Обменивались за пределами школы, во время «экскурсий» по соседним переулкам. Взаимное притяжение усиливалось с каждой прогулкой… Что ж, сердцу не прикажешь. Однажды я не удержался и… поцеловал её. Однажды. Но это, видимо, было отражено в девичьем дневнике. Откровенную запись прочитала её мама. Она увидела там что-то такое страшное, что её напугало последствиями и привело к директору. Софья Абрамовна успокоила её, сказав, что я не записной ловелас, вполне порядочный человек. Поговорила директриса и со мной. Успокоилась, узнав, что, во-первых, дальше невинного (?) поцелуя дело не дошло, во-вторых, что я не собираюсь разводиться, а значит развиваться наши отношения с N. не могут. При этом директор признала, что девушка она чрезвычайно интересная, такой запросто можно увлечься, тем более, что та увлеклась мною. Тем не менее, Софья Абрамовна поверила, что я поступлю «мужественно», не буду морочить голову юной деве. Так оно и получилось. Я поступил «мужественно» и, в соответствии с тогдашней общепринятой моралью, приказал своему сердцу замолчать. Тем более что нашлись «добрые люди» в школе, которые разъяснили моей жене, кто такая для меня эта N. И всё «рассосалось». Пренеприятнейшим образом, с долгоиграющими последствиями.
Я рассказываю об этом случае не для иллюстрации моей мужской «победы». Какая тут победа? Скорее, поражение, раз отказался от девушки, которая поразила моё сердце и мой ум. Но эти первоначально невинные прогулки могли выйти мне боком, став я директором: связь с ученицей, моральный разложенец! И неважно, что девушке было уже девятнадцать лет, но она же – ученица! И донесли бы куда следует те, кому я, парвеню, не понравился бы в ранге их начальника.
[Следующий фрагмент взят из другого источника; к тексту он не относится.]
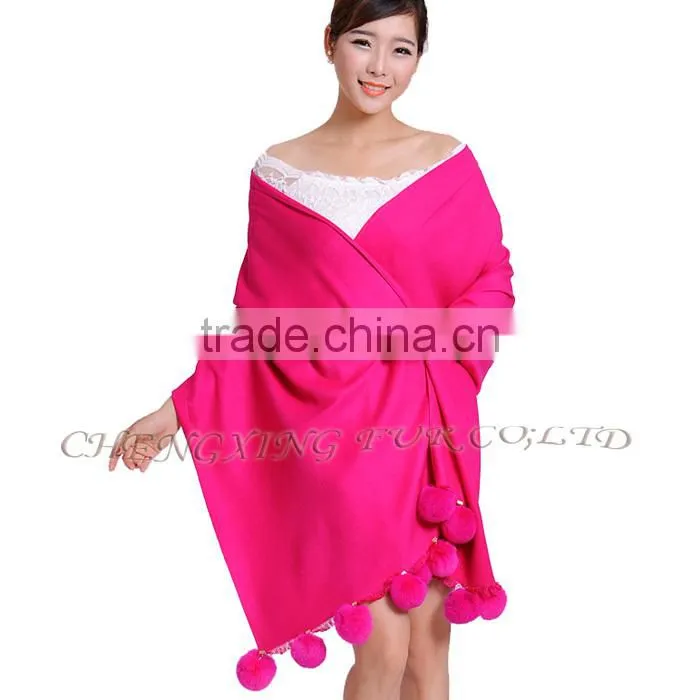 CX-B-P-42C Fur Ball Fashion Women Pashmina Wide Shawl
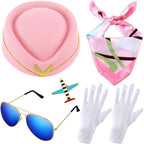 Bencailor 7 Pcs Women Flight Attendant Costume Accessories Stewardess Outfits Bellhop Hat Scarf Sunglasses Gloves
Так что поступившее тогда приглашение на работу в «Московский комсомолец» оказалось своевременным. Дело не только в не назначении директором. Я уходил в свою долгожданную профессию. Да и вряд ли ужился бы с новым директором, довольно серой личностью. Которого, кстати, довольно быстро уволили, так как он был дружен с «зелёным змием». Чем же он показался райкому КПСС и руководству РОНО более приемлемым, чем я? Конечно, по формальным параметрам, как уже сказал, я не подходил. Но зачем же прислали такого директора?
Когда я увольнялся, некоторые учителя удивлённо спрашивали: «Мы думали, что вы будете директором, а вы вообще покидаете школу»… Да, школу я покинул. Навсегда. И не жалею об этом. Так же как не жалею, что поработал в школе…
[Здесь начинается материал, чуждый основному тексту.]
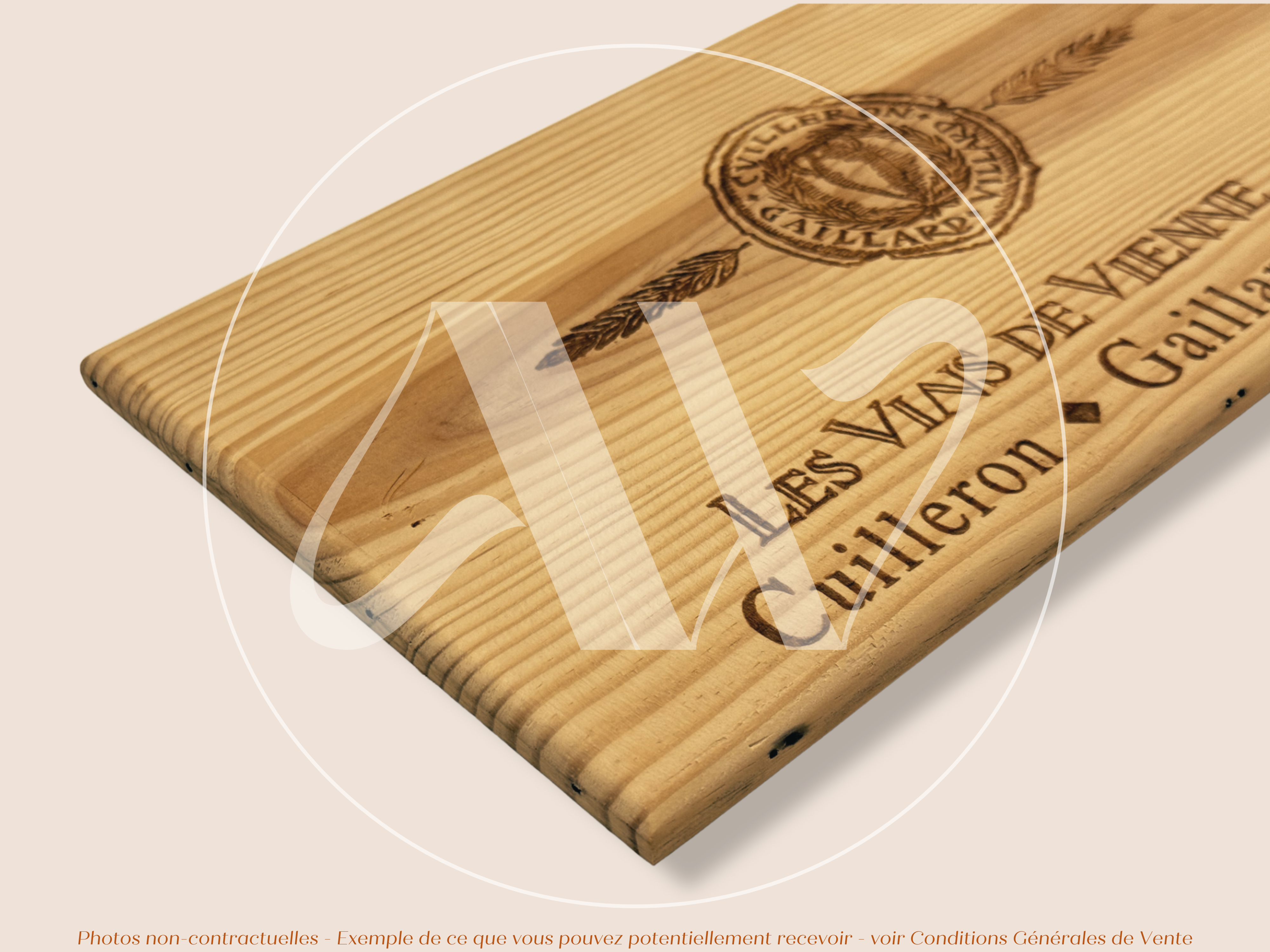 Estampe de caisse de vin – Les Vins de Vienne – Vallée du Rhône – 30 × 17 cm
Жалею только, что потерял связи с учениками. Лишь с некоторыми я случайно встречался.
Двое – Саша Карчава и Тамара Иванова тоже стали журналистами, и наши пути пересекались.
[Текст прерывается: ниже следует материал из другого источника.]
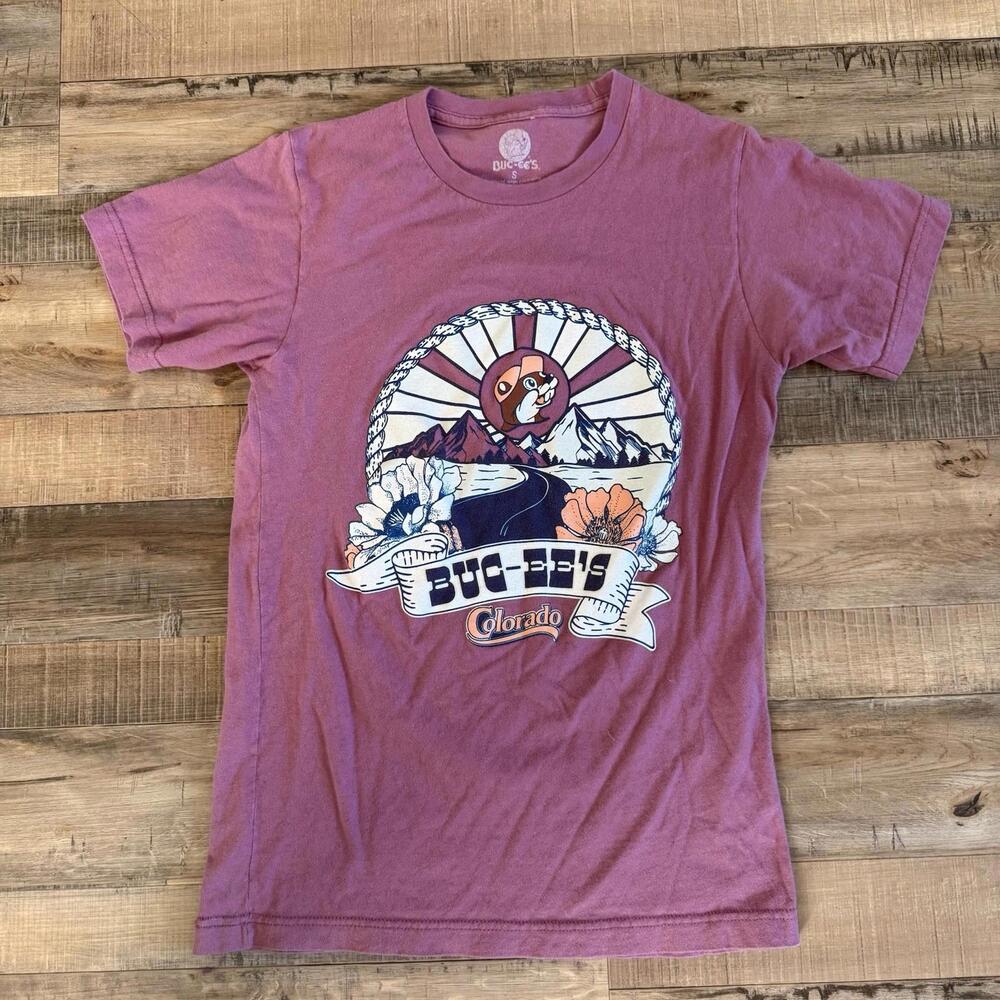 Buc-ee's Colorado Graphic Purple Men's Cotton Knit T-Shirt S Crew Neck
Саша присутствовал на моей первой пресс-конференции в Домжуре, когда я рассказывал о только что созданной газете «Куранты». Как же было неожиданно и приятно получить записку с вопросом от моего ученика, нет, от моего спутника в школьных туристических походах! Он окончил Институт восточных языков и уже работал в Агентстве печати Новости. Через два года после той нашей встречи, перешёл на дипломатическую работу. И в недавнем времени был чрезвычайным и полномочным послом в Шри-Ланке и Мальдивской Республике!